**** Provided material ****

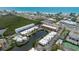 Aerial view of coastal condos near the beach and shops, showcasing waterfront access and community amenities at 3803 E Bay Dr # 10, Bradenton Beach, FL 34217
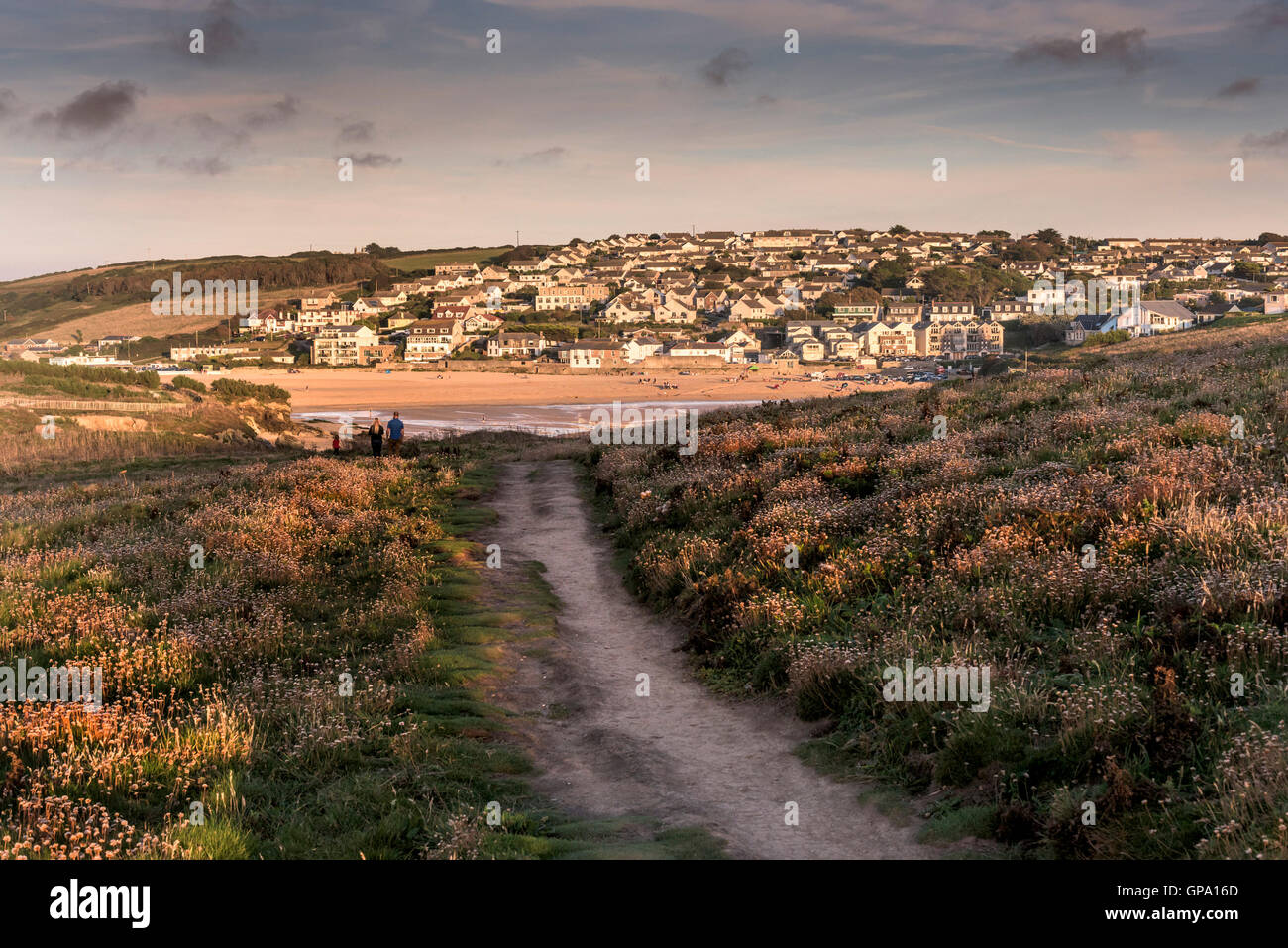 A footpath on Porth Island with coastal property in the distance. Newquay. Cornwall. Stock Photo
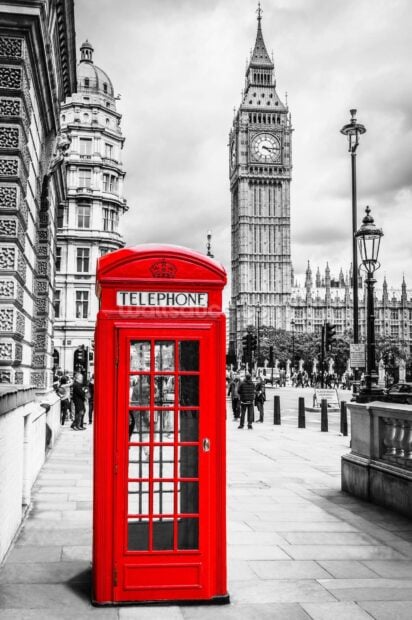 Red telephone booth near Big Ben in London cityscape with cloudy sky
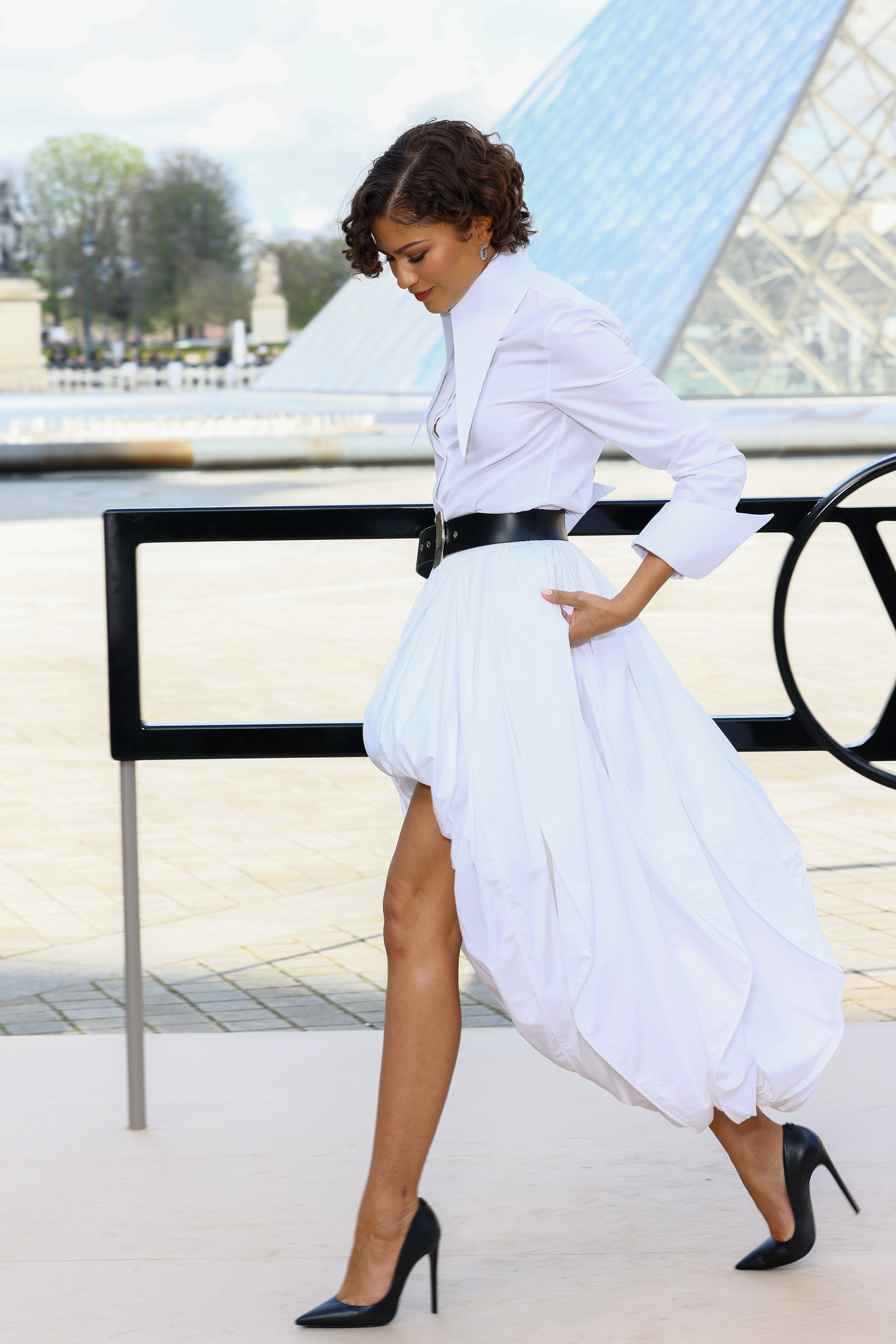 Zendaya walks past a black railing with the Louvre’s glass pyramid visible behind her at the Louis Vuitton Fall/Winter show during Paris Fashion Week in Paris on March 10, 2026. | Source: Getty Images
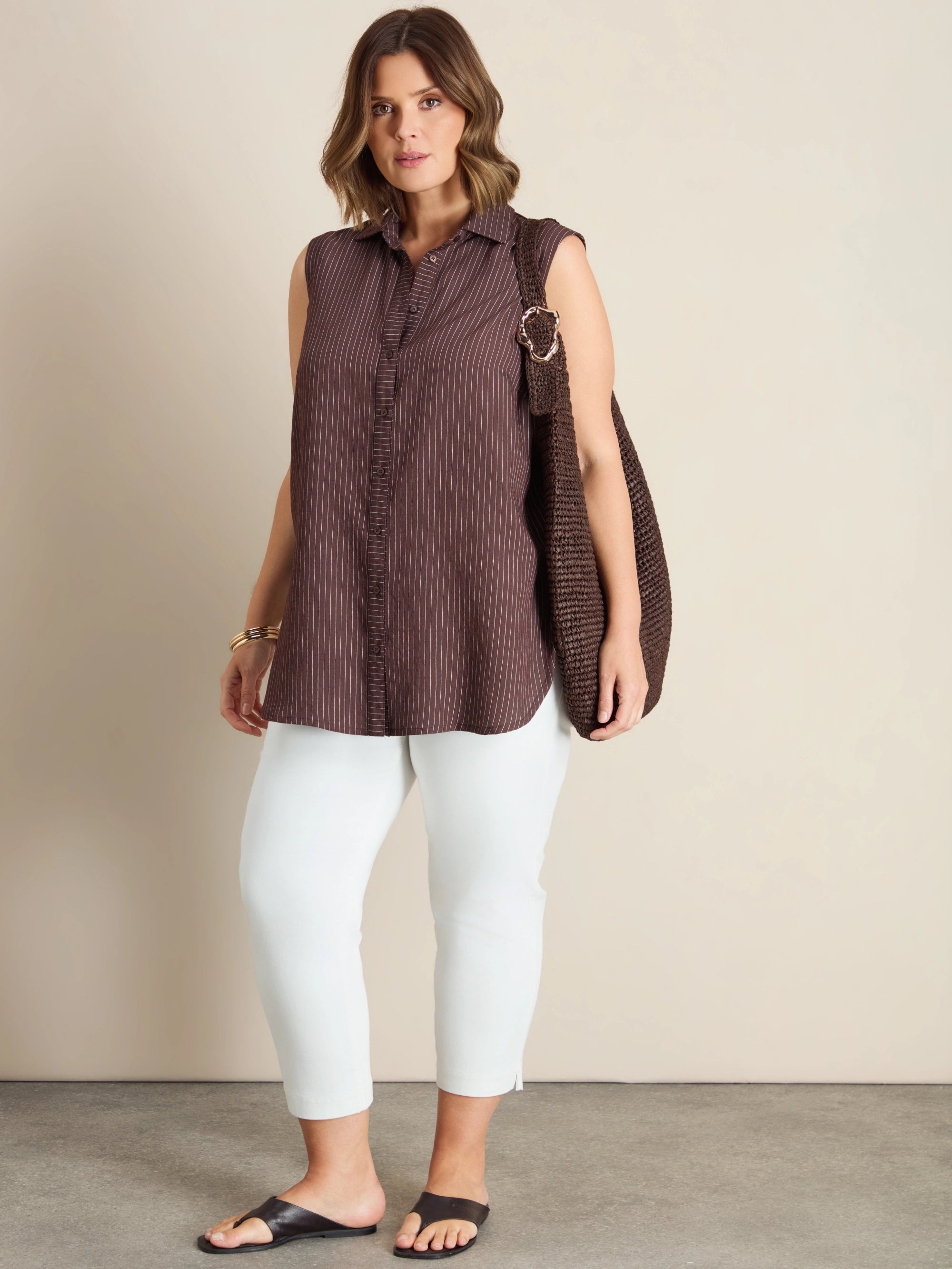 Plus size brown striped sleeveless shirt with collar and button-through front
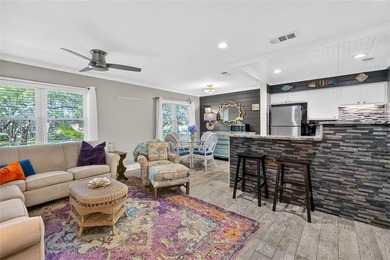 Nestled beneath a canopy of live oaks in the heart of St. Simons - photo 3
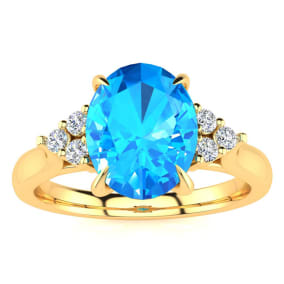 2 1/4 Carat Oval Shape Blue Topaz and Diamond Ring In 14K Yellow Gold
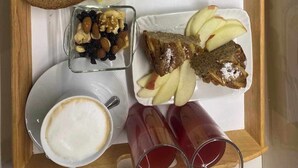 Ett bricka med frukosttillbehör, inklusive ägg, skinka, ost, bröd och en kopp kaffe.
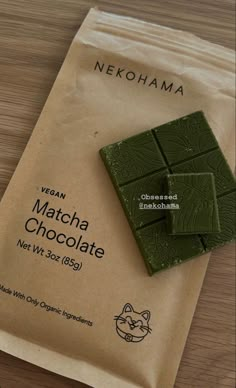 a bag of vegan matcha chocolate sitting on top of a wooden table next to a packet of catnip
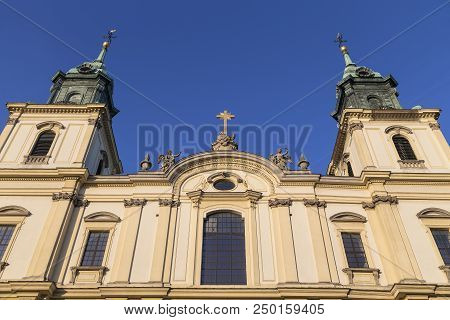 Detail Of Facade Of The Basilica Of The Holy Cross. Warsaw. Poland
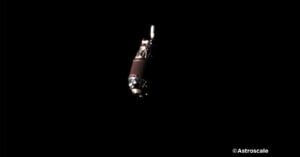 Image of a satellite in space against a dark background, captured by astroscale, showing detailed parts reflecting light.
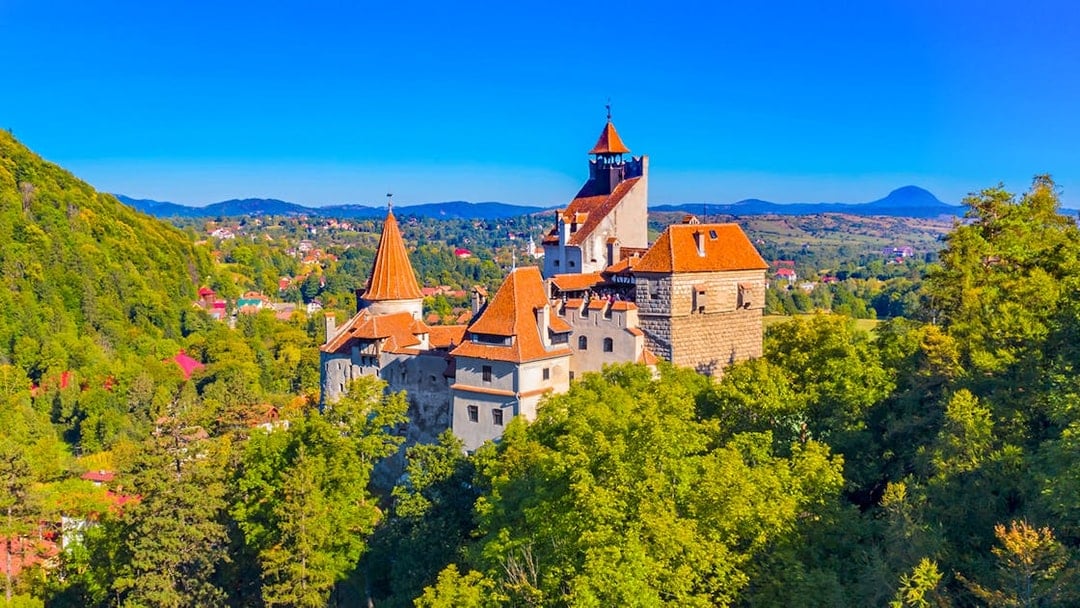 Bran Castle in Romania surrounded by lush greenery and distant hills.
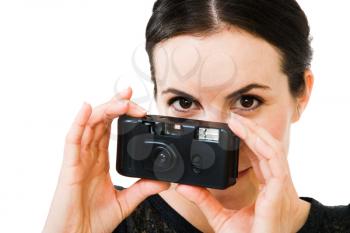 Fashion model photographing with a camera isolated over white
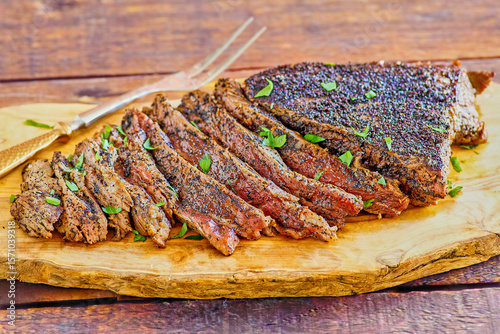 coffee rubbed flank steak, pan roasted and cooked rare, topped with fresh parsley, with a serving fork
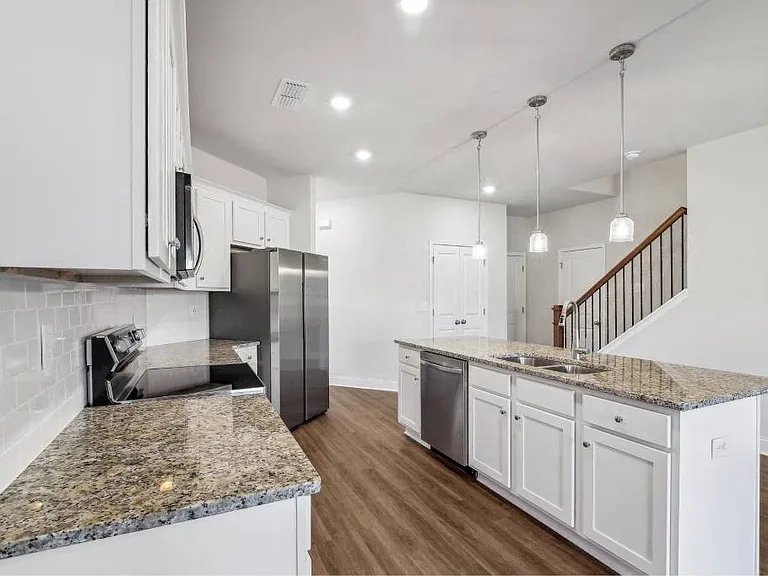 A view of the spacious kitchen and stainless steel appliances
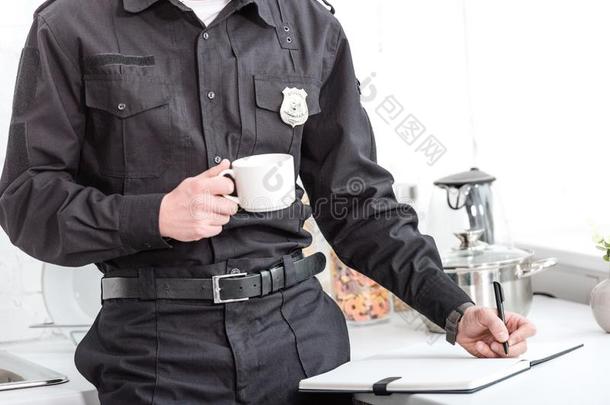 警察部门军官喝饮料咖啡豆和文字采用笔记簿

****

# Activity
In the records above, locate the line containing "Zendaya walks past", then copy exactly that line and every line after it through the end, omitting pictures.

# Task solution
 Zendaya walks past a black railing with the Louvre’s glass pyramid visible behind her at the Louis Vuitton Fall/Winter show during Paris Fashion Week in Paris on March 10, 2026. | Source: Getty Images
 Plus size brown striped sleeveless shirt with collar and button-through front
 Nestled beneath a canopy of live oaks in the heart of St. Simons - photo 3
 2 1/4 Carat Oval Shape Blue Topaz and Diamond Ring In 14K Yellow Gold
 Ett bricka med frukosttillbehör, inklusive ägg, skinka, ost, bröd och en kopp kaffe.
 a bag of vegan matcha chocolate sitting on top of a wooden table next to a packet of catnip
 Detail Of Facade Of The Basilica Of The Holy Cross. Warsaw. Poland
 Image of a satellite in space against a dark background, captured by astroscale, showing detailed parts reflecting light.
 Bran Castle in Romania surrounded by lush greenery and distant hills.
 Fashion model photographing with a camera isolated over white
 coffee rubbed flank steak, pan roasted and cooked rare, topped with fresh parsley, with a serving fork
 A view of the spacious kitchen and stainless steel appliances
 警察部门军官喝饮料咖啡豆和文字采用笔记簿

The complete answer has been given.